Data listing

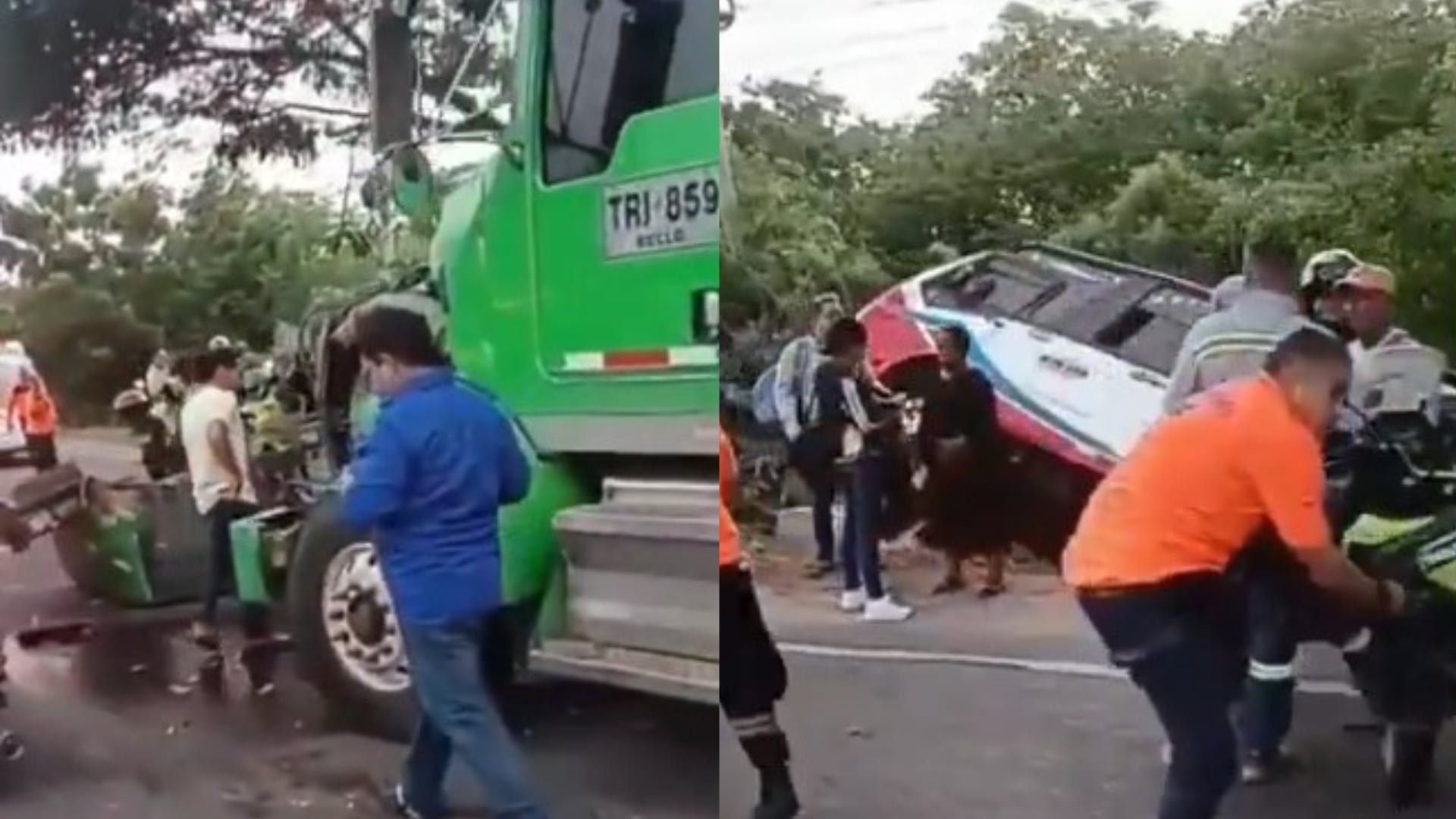 Accidente Sabanagrande hoy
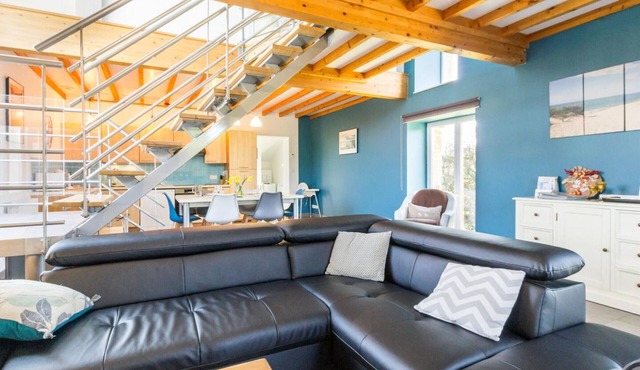 Modern cottage in La Haye-d'Ectot with garden and terrace
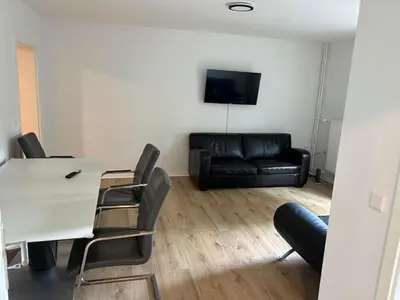TV/Unterhaltungsangebot in der Unterkunft Monteur-Lounge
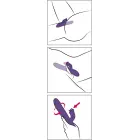 Sweet Smile вращающийся кролик-вибратор с функцией толчков – 24.7 cm (9.7″) – розовый — Фото 12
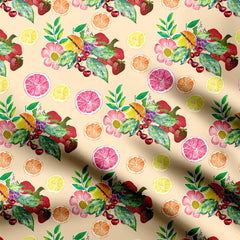 Fruity Print Fabric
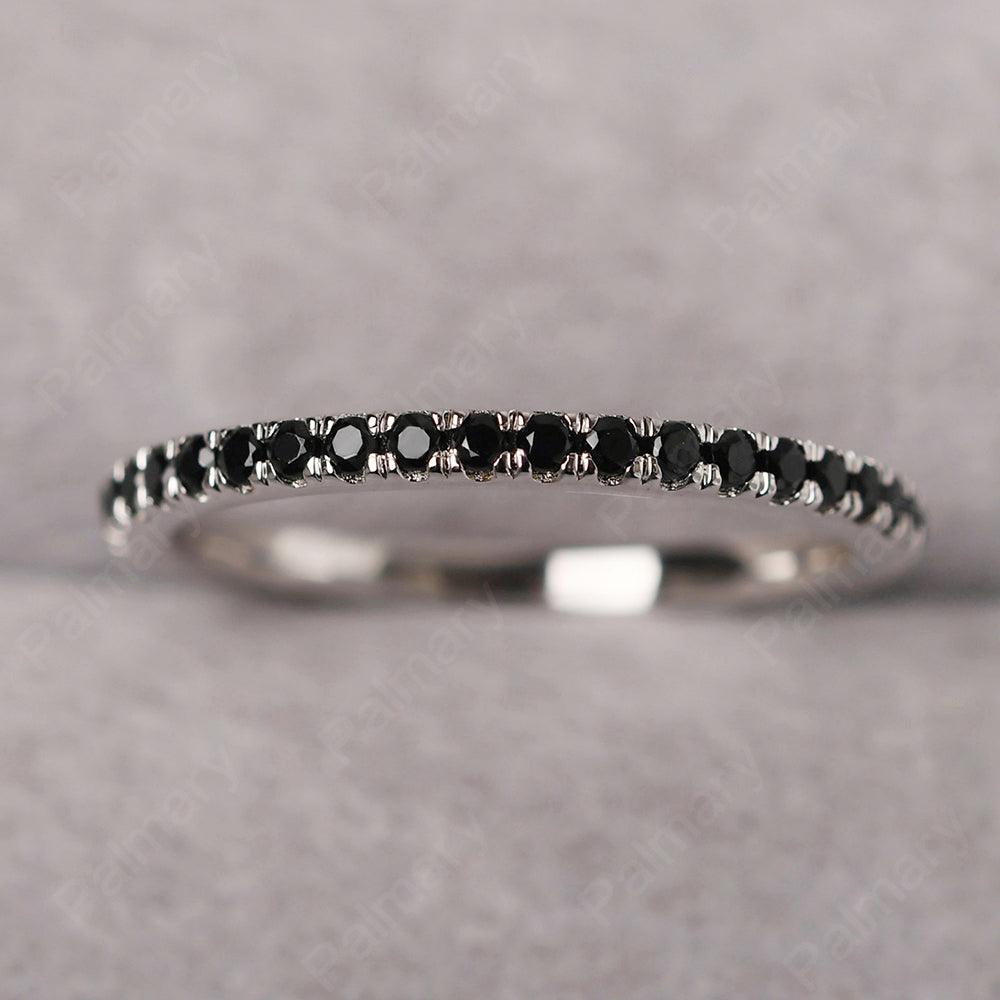 Black Spinel Band Ring - Palmary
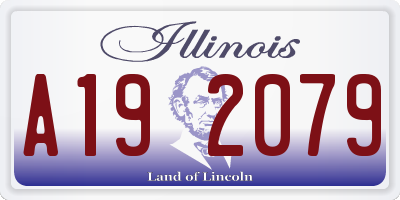IL license plate A192079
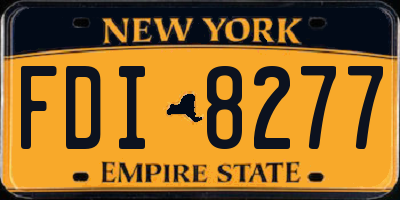 NY license plate FDI8277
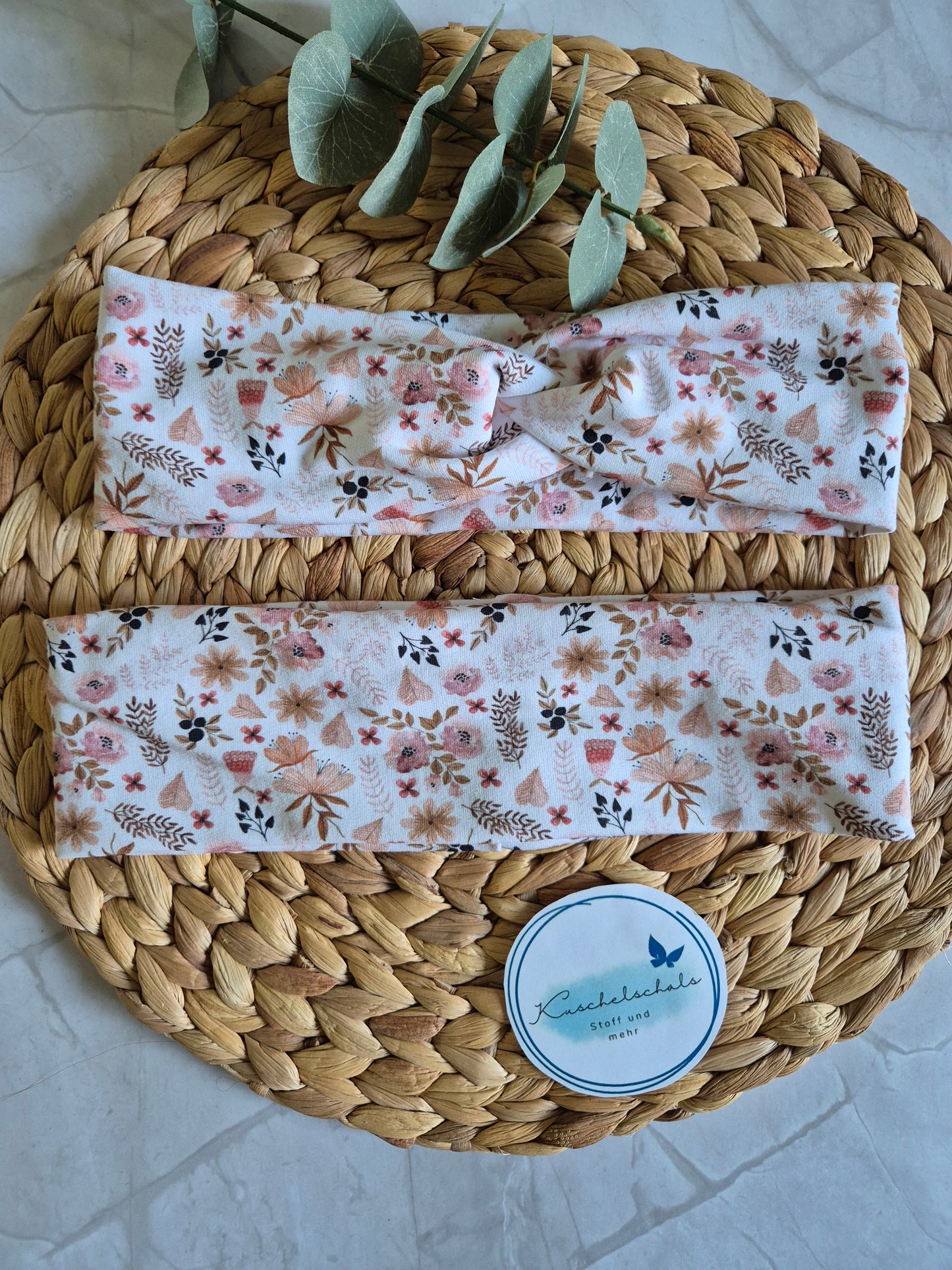 Handgefertigte Stirnbänder aus Bio-Jersey - Weiche, breite Ohrenbedeckung, weiches Stirnband für Erwachsene, Stirnband aus Bio-Jersey, Haar-Accessoire, handgefertigt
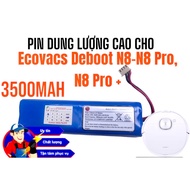 PIN ROBOT HÚT BỤI ECOVACS DEBOOT N8 N8 PRO N8 PRO+ CHÍNH ÍNHHÃNG LG/SAMSUNG BẢO HÀNH 9 THÁNG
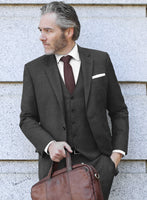 Scabal Liche Charcoal Wool Suit - StudioSuits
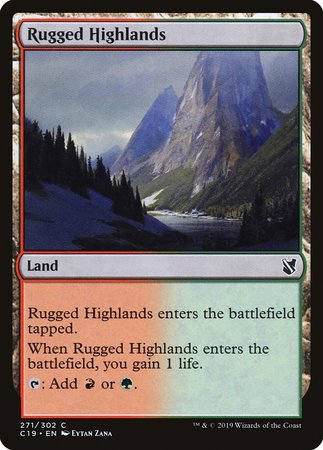 Rugged Highlands [Commander 2019] | Mega City Incorporated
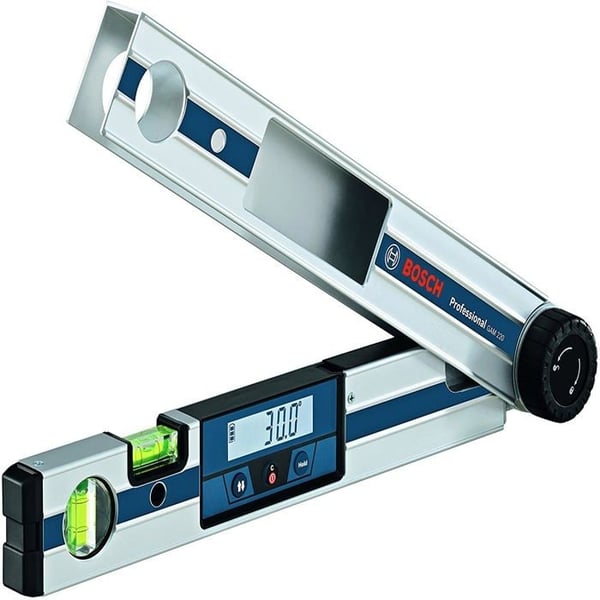 Vinkelmåler - BOSCH - GAM 220 Professional - Nøjagtighed ±0,1° - Længde 40 cm - Måleområde 0-220°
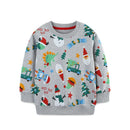 Kids' Long-Sleeved Christmas Print Winter Sweater childrensterritory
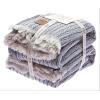 image:imageGold CASE Throw Blanket for Couch  100 Recycled Cotton  Retro Throw Blankets for Living Room Bed amp Outdoor  Decorative Boho Blankets amp Throws  Soft Couch Drape  Grey 60x80Vintage Navy Blue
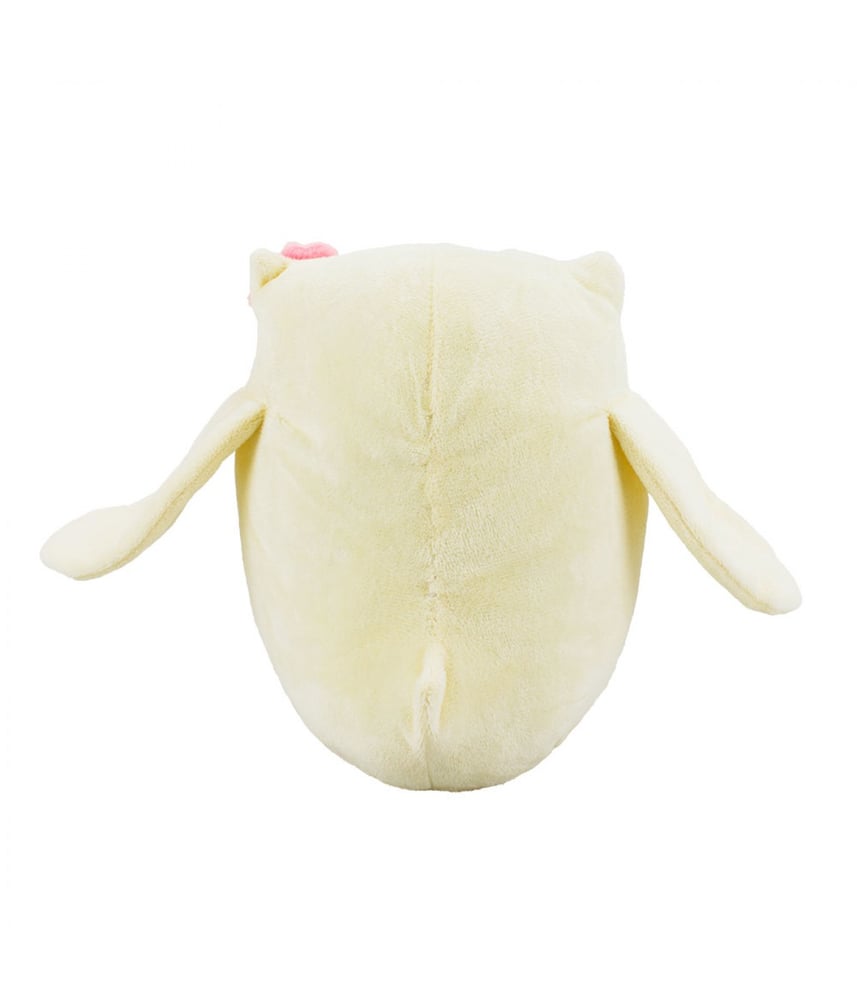 Coruja De Pelúcia Amarelo Olhos Grandes 18 cm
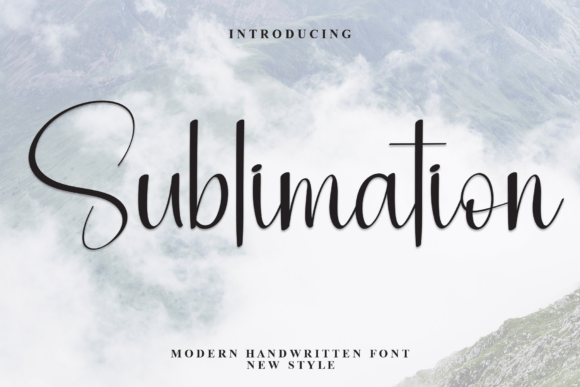 Sublimation: A Modern Script Font for Elegant Design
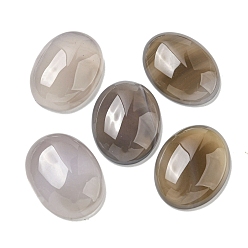 Серый агат Кабошоны из натурального агата, овальные, 30x21.5~22x5~8.5 мм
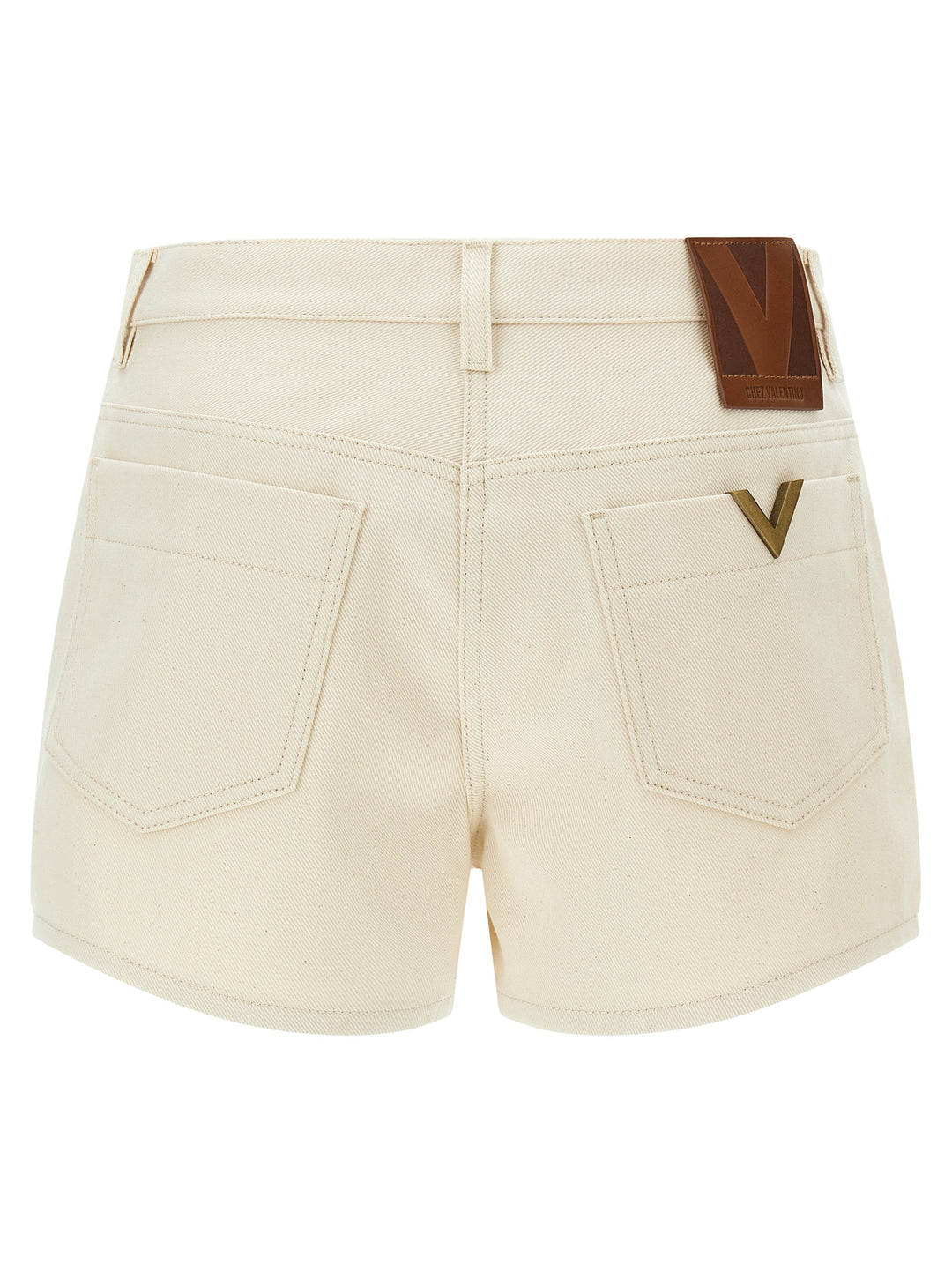 Valentino Garavani Valentino Garavani Vgold Shorts Bermuda and Short - Beige | 0973b14dc0b9082cba20db4c22f98d4455790c33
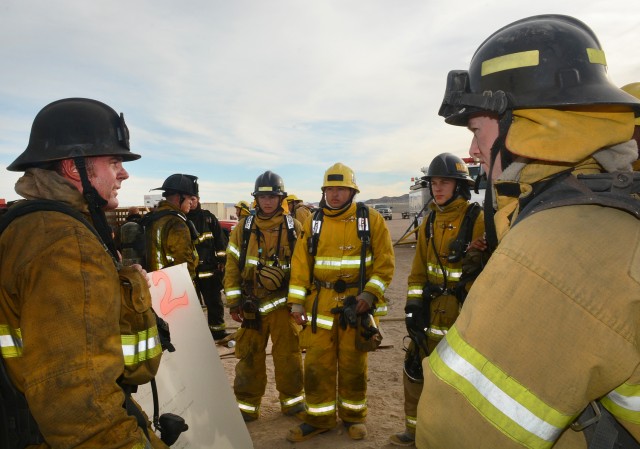 Before going into the burn trailer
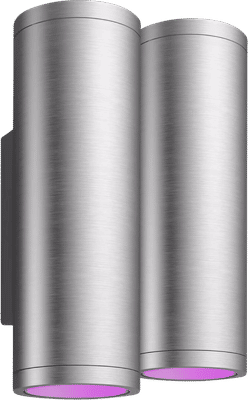 Philips Hue Appear muurlamp White & Color - RVS Duo Pack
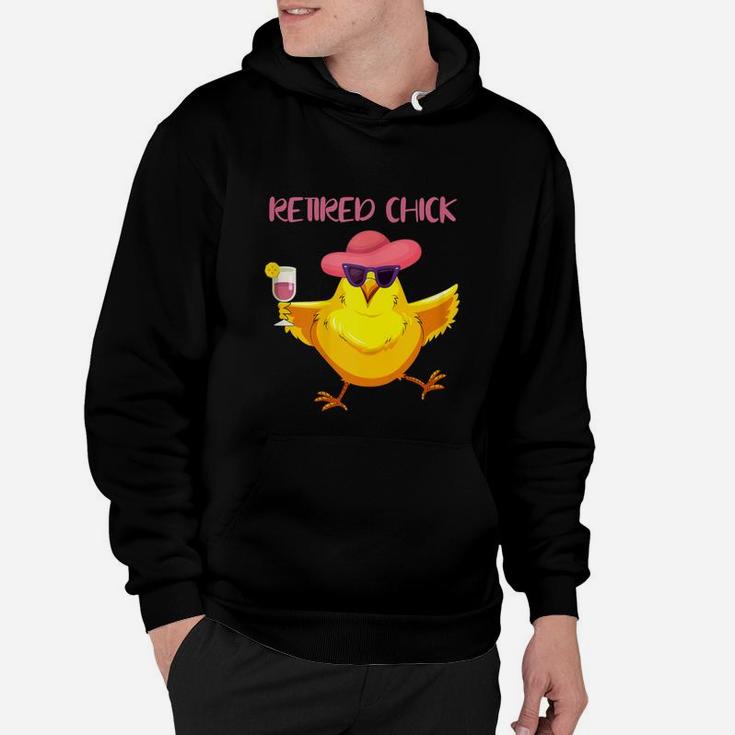 Retired Chick Funny Retirement Gift Hoodie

Directions
Each line from the beginning of the entries up to and including the one containing "IL license plate A192079" must be restated exactly. Pictures are to be left out.

Expected answer
 Accidente Sabanagrande hoy
 Modern cottage in La Haye-d'Ectot with garden and terrace
TV/Unterhaltungsangebot in der Unterkunft Monteur-Lounge
 Sweet Smile вращающийся кролик-вибратор с функцией толчков – 24.7 cm (9.7″) – розовый — Фото 12
 Fruity Print Fabric
 Black Spinel Band Ring - Palmary
IL license plate A192079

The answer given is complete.